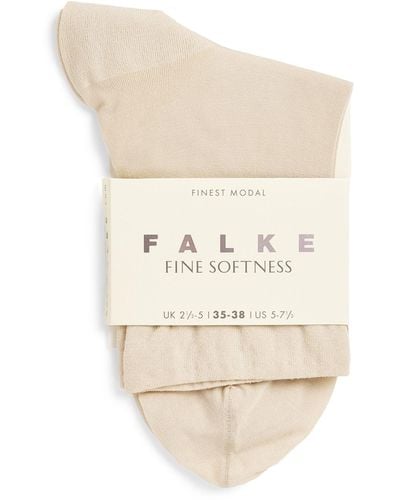 FALKE Fine Softness Socks - White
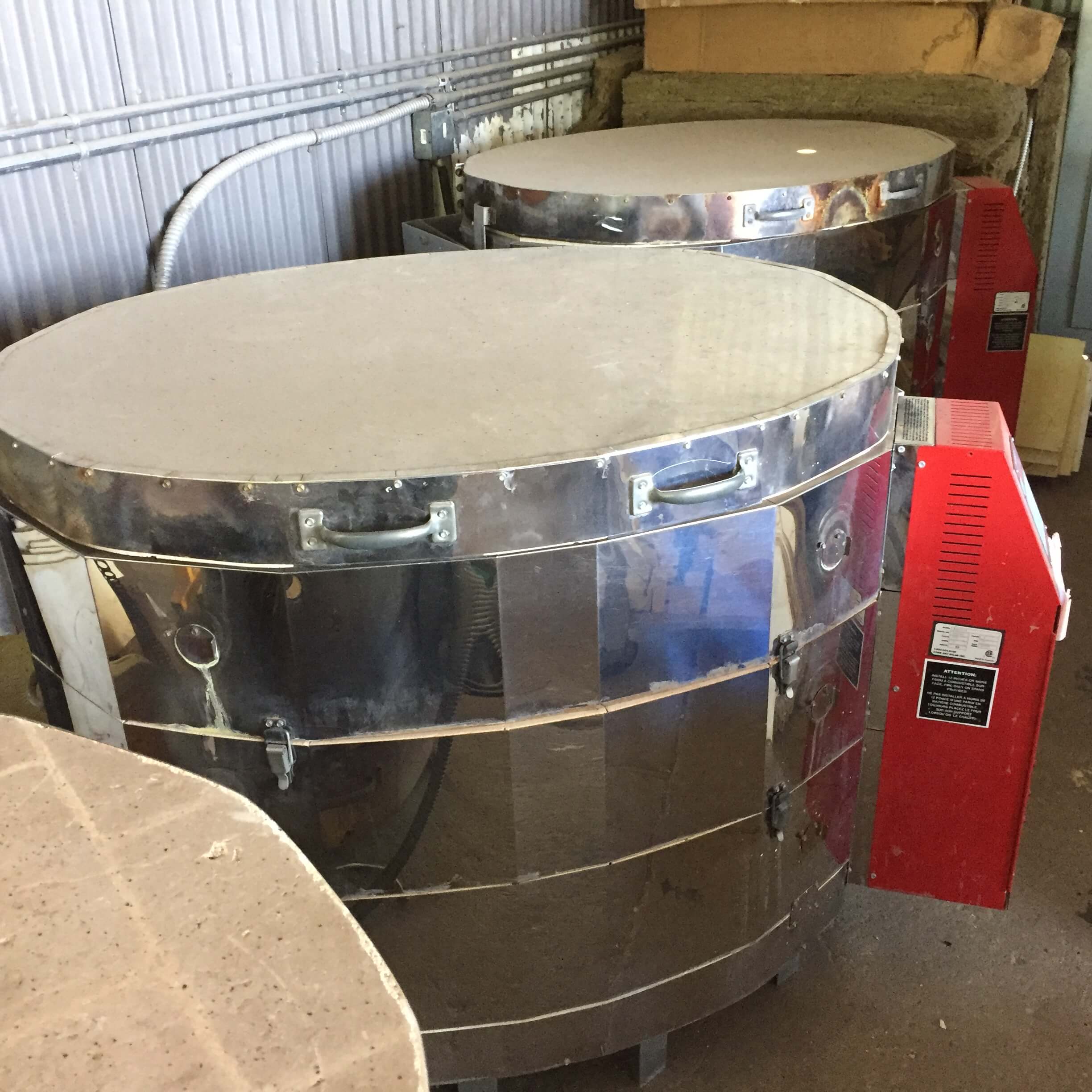 Weekly Kiln Firings and Ceramics Open Studio Rentals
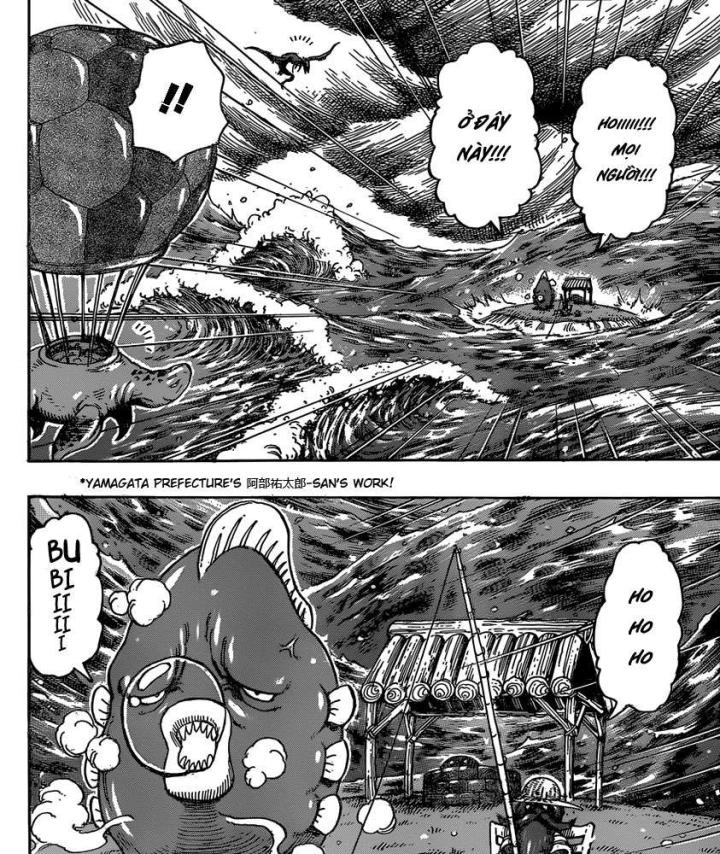 thánh tỏi sành ăn chapter 325 32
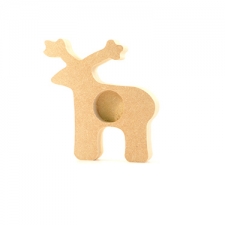 Reindeer Tea Light Holder (18mm)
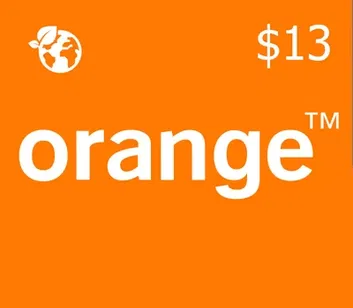 Orange Global 13 USD Mobile Top-up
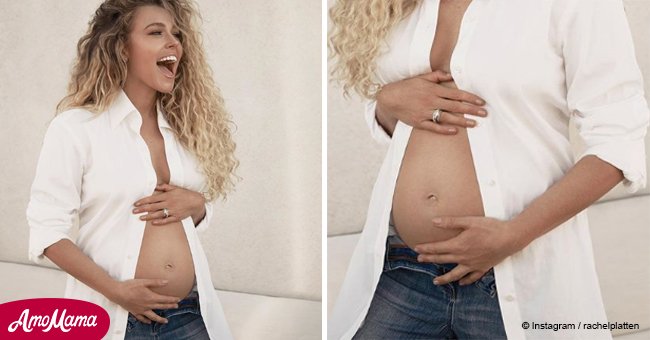 Popular singer pregnant with first child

▸ **Your instructions**
Please give the data above again in exact form and omit every picture.

▸ **Written reply**
 FALKE Fine Softness Socks - White
 Weekly Kiln Firings and Ceramics Open Studio Rentals
 thánh tỏi sành ăn chapter 325 32
 Reindeer Tea Light Holder (18mm)
 Orange Global 13 USD Mobile Top-up
 Popular singer pregnant with first child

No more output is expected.